“Cash has been a headache for WLTAMs, given that the banks used to give preference to loading cash in the ATMs deployed by them. This will change, and it is hoped that it will give them a breather, operationally,” said Suneel Aiyer, chief executive of Writer’s Safegaurd, a cash management firm.
As on date, there are eight WLATM operators in the country — AGS Transact Technologies, BTI Payments, Hitachi Payment Services, Muthoot Finance, RiddiSiddhi Bullions, SREI Infrastructure Finance, Tata Communications Payment Solutions, and Vakrangee. However, the total numbers of ATMs deployed by them is under 20,000, and way below the bid terms of the Reserve Bank of India (RBI).
If you were to go by the strike rate set by the central bank in 2012 for deployments, WLATMs would have sprouted all over the place. In the very first year of operations (based on schemes that operators opted for), 1,000-25,000 ATMs would have been added. Hence, if there were five operators, there would have been between 5,000 and 125,000 ATMs in the debut year alone.
So, will securing cash directly from Mint Road make life easier for WLATMs? “As on date, the scheme is being gradually rolled out across the country; it can’t be done in one go as cash availability and the logistics involved has to settle down first,” says Loney Antony, vice-chairman of Hitachi Payments and co-chairman of the Payments Council of India.
There also whispers in the ATM industry that the original bid terms for WLATMs may be revisited.
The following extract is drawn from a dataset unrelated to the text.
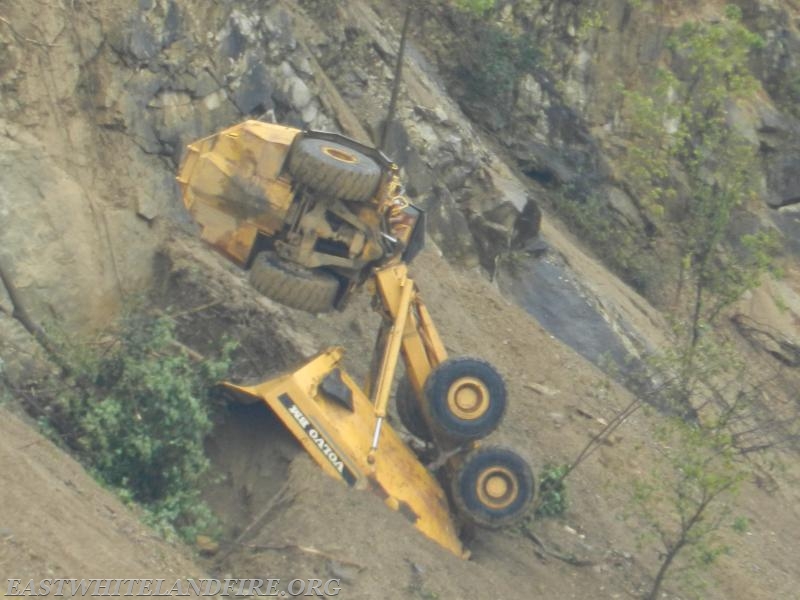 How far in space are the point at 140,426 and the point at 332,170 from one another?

This is because newer players have evinced interest in entering the industry, provided the commercial viability of the model is reworked. In the past, Mint Road had not budged from its position even though the current crop of WLATM operators had pleaded their case before the central bank.
The issue of free swipes is also up for review. While it’s not clear it this is on the agenda of the committee that has been set up to review the current inter-change of Rs 15 and raise it to Rs 18, it’s been gathered that free swipes will be at four hereon — a change from the three free transactions in a metro and five in non-metros.
“Basically, we are looking at a mid-point. That’s the only way it can work for the non-frill account holders opened under the Pradhan Mantri Jan Dhan Yojana. To make direct benefits transfer better, ATMs are a key cash-out point. While the issue of free swipes does not affect WLATMs, the reality is that not many swipe their cards at these outlets. If 100 people queue up at a bank’s proprietary or brown-label ATM, only 40 go to WLATMs.
It’s very hard to get folks in the lower tier towns go to WLATMs, given that they associate banks with ATMs. There is also empirical evidence available to prove this lack of traffic at WLATMs, from the way brown-label ATM deployers bid for the rate per transaction (RPT) — the fee they get for every swipe — to be charged to banks, for a tender of 63,000 ATMs floated by the North Block in 2012.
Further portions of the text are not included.